Whilst having a spot of leave in 2008, Edge was gathering wood for the winter and became slightly alarmed at the amount of vermin occupying the cottage’s out-houses. They hadn’t made inroads into their home yet, but it was only a matter of time. He discussed it with Moira.
“Why don’t we get a cat?” she suggested.
“I don’t like cats.”
“It can be like a farm cat, which lives outside. We probably won’t even see it, except to feed it once a day. I’ve heard you have to give them some food to stimulate hunting.”
Edge reluctantly agreed and Moira came home with a tabby kitten in a shoe box. Sarah and Frances were delighted and wanted to call him Willum after Pusscat Willum. Again Edge put his foot down and Monty, Ratter Class One joined the family. Predictably, he became a pet with part-time rodent prevention duties, but he was spoiled. He showed his gratitude as a kitten by pissing on Edge’s Buffalo jacket.
As the end of Edge’s Army career approached, he elected to return to his Donor Regiment for resettlement as he wanted to avoid security jobs. Or rather the Mercian Regiment as the Worcestershire and Sherwood Foresters Regiment no longer existed. He was a stranger in their midst and widely distrusted because of his background.
As his terminal leave approached, Edge became despondent as he had promised Moira that they would settle in Devon, and being effectively rootless, it was his home as well. But jobs were of a seasonal nature in that part of the country and permanent employment was few and far between for a man of Edge’s “talents.” Like very many ex-Service men and women, he was poor at selling himself and found it difficult to transfer his experiences and training into key outputs and core skills required on the job application forms.
Moira’s father had made a very successful business supplying agricultural machinery and products to the smaller farms with smaller, enclosed fields in that part of the world. His daughter moved into action, hinting, badgering and in the end begging her father to give Edge a job. Her father relented as much for his daughter’s sake as the desire to see Edge dependent on him. He offered him the job of delivery driver, take-it-or-leave it. Edge took it and hated himself for it. Part of him resented Moira as well.

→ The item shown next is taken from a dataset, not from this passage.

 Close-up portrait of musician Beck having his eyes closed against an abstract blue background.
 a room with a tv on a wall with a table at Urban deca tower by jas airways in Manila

He was sitting in front of the wood burner, cradling a large glass of red wine, staring morosely into the flames. He was due to start work the following Monday. Moira sat next to him and stroked his cheek affectionately.

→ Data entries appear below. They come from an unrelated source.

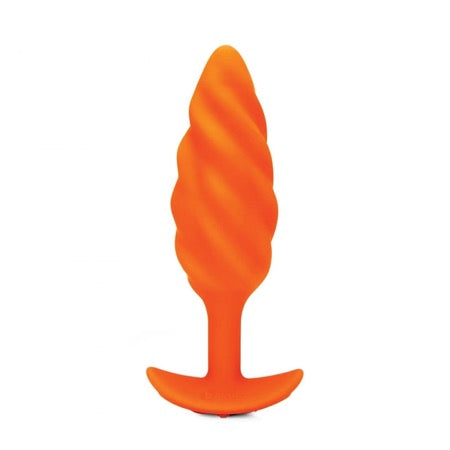 An orange-colored, silicone anal plug with a swirl texture design and a tapered base.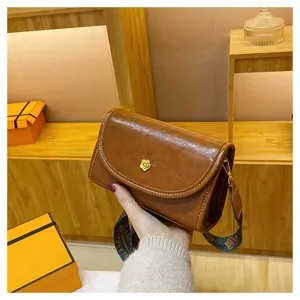 Detailed view of niche design brown shoulder bag with contrast stitching and wide strap.
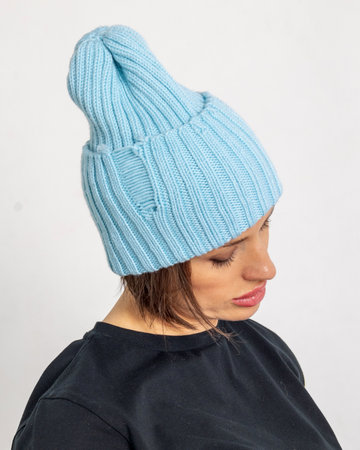 Portrait beautiful woman in blue hat. Pretty girl in warm clothes on grey background. Studio...
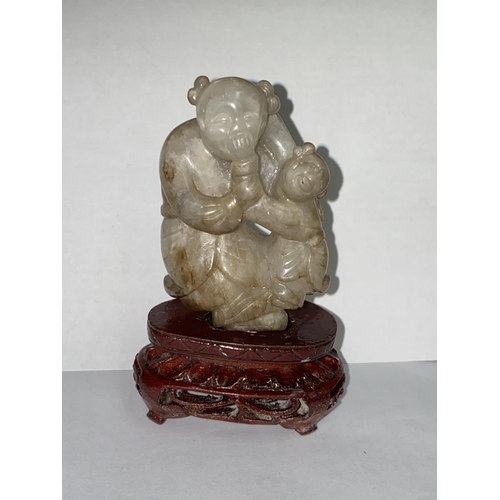 424 - A Chinese carved jade figure of mother and child, 64mm, with stand (good condition)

“Don’t worry, Mark. It’s a new chapter of your life opening, a safer one,” She nuzzled in close to his neck.
Edge played with her ear and smiled at her, but she noticed that lately, the warmth never seemed to reach his eyes.

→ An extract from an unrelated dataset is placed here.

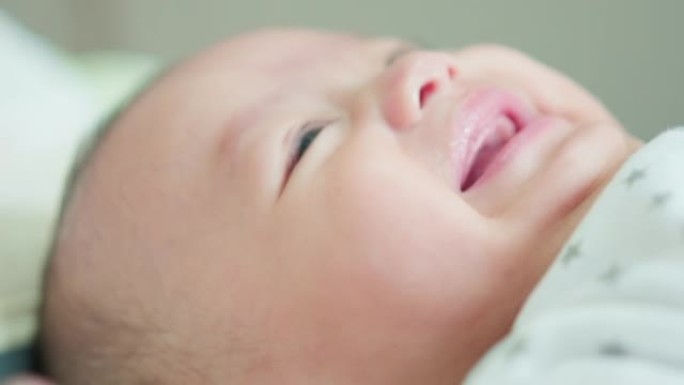 脸部特写可爱的亚洲新生婴儿躺在白色床上玩耍看着相机笑着开心的脸。天真的小新婴儿可爱。父母身份和母亲节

One hot August day, Edge was sent on a longer delivery run to Cornwall that would take a couple of days. Moira was off work because the glass factory was temporally closed as the furnaces and kilns were being reconditioned. She had been tidying the children’s bedrooms while they were at school. She didn’t hear the pick-up drive into the yard, but became aware of someone hammering on the cottage door. She went down to open it. It was Daniel Copeland.
“Oh, it’s you. What do you want, Daz and what are you doing here?”
“Your old Dad asked me to keep an eye on you, seeing as how Mark’s away for a couple of days.”
“As you can see, I’m fine. How did you know I wasn’t at work?”
“Like I said, your Dad asked me to make sure you’re OK and here I am, making sure.”
“I’m truly grateful to both of you, now if you’ll excuse me.”
“I’ve driven all the way from Tiverton and I could murder a drink, Moira.”
She hesitated and I could hear the doubt in her voice.
“Just a quick cuppa,” he wheedled.
“You’ll have to make it quick coz I’m very busy, Daz.”
“Thanks, it’s hot out there and I’m parched.”
She made him a tea that he would never drink. In the end she ejected him from the house at knife point, him with a bleeding neck and torn shirt, her with a bruised and aching breast. She decided never to tell Edge what had happened because she feared the repercussions. It was the worst mistake she ever made.